Barbecues top summer imbibing occasion for US

14th July, 2016 by Kristiane Sherry

Almost two thirds of regular alcohol consumers in the US say they will drink at barbecues this summer, ranking it the top consumption occasion according to data from analyst Nielsen.

Barbeques are the top drinking occasion for US consumers this summer, according to Nielsen

Barbecues are the top drinking occasion for US consumers this summer, according to Nielsen

With more than 90% of regular drinkers above legal drinking age (LDA) planning to consume alcohol outdoors during the season, picnics rank the next most popular occasion, followed by pool-side, at the beach, and then at patio bars.

In terms of summer alcoholic drink qualities, “refreshing” was tanked top by both men and women, at 61% and 64% respectively. “Natural” and “handcrafted” were found to resonate strongly with men, while “fruity”, “sweet”, “citrusy”, “frozen” and “bubbly” claims were more popular among women. Questioning followed a gender binary format.

Nielsen data also found that social media had become a key influencer when choosing drinks for US consumers. One quarter of LDA+ consumers said what other people are seen drinking on social media, increasing to 45% of 21-34-year-olds. 42% of this demographic also said that they like to post pictures of their drinks on social media, well above the average of 25% for all drinkers.

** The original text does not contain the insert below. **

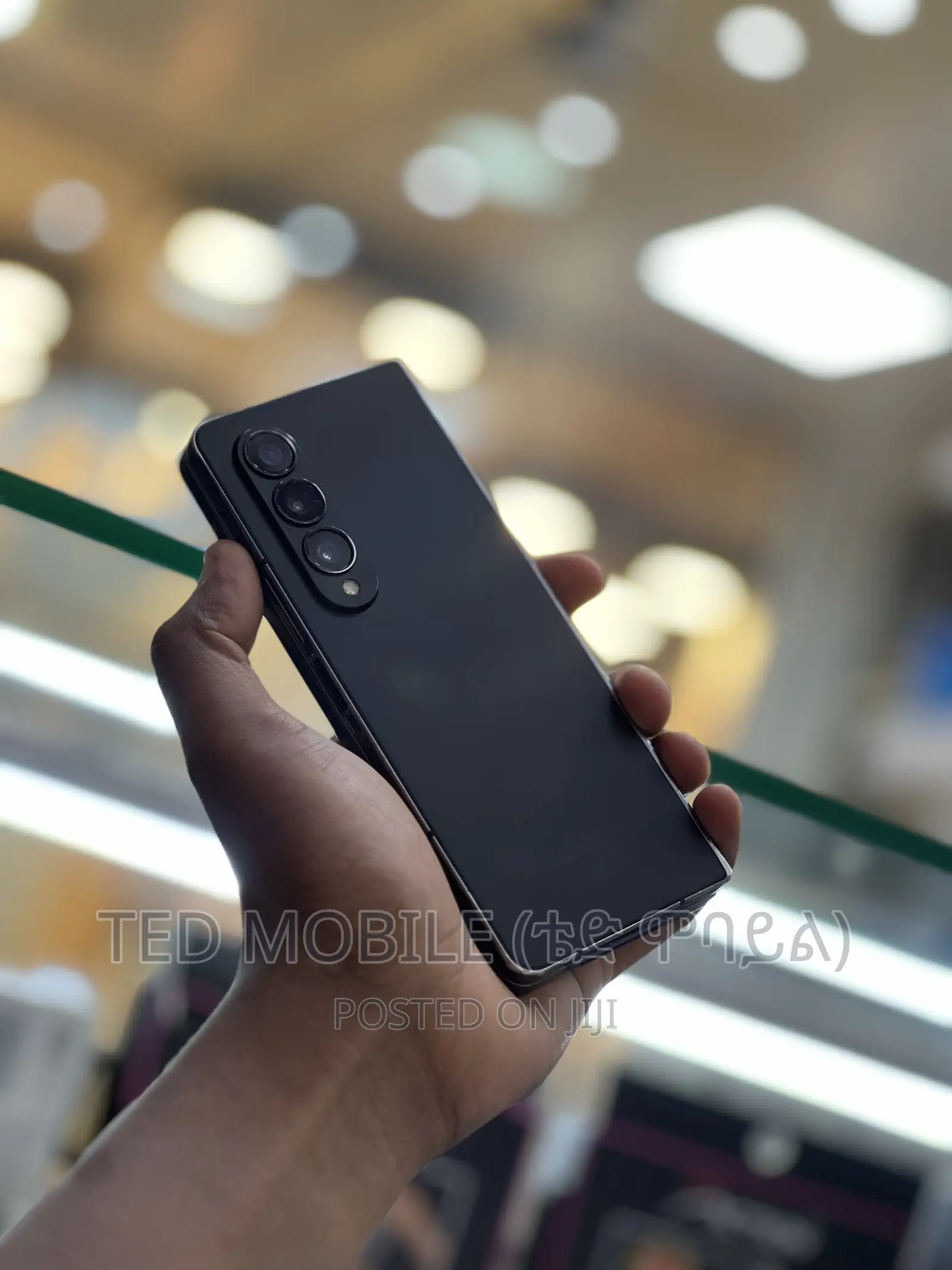 Samsung Galaxy Z Fold4 256 GB Black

Other key factors of importance to US consumers were drink portability and temperature. 42% of Americans consider buying their beverages cold to be highly important, with an additional 24% saying the temperature is at least “somewhat important”. 73% want packaging options that are easy to carry, 49% feel single-serve portions are at least somewhat important, and 53% say environmentally friendly packaging is at least somewhat important. All these factors were more important for millennial consumers Nielsen notes.

Earlier this year, Nielsen CGA published first on-trade report which found that gin sales in the UK on-trade grew 13.6% in the 12 months leading up to the end of January 2016 but declined 2.2% in the US.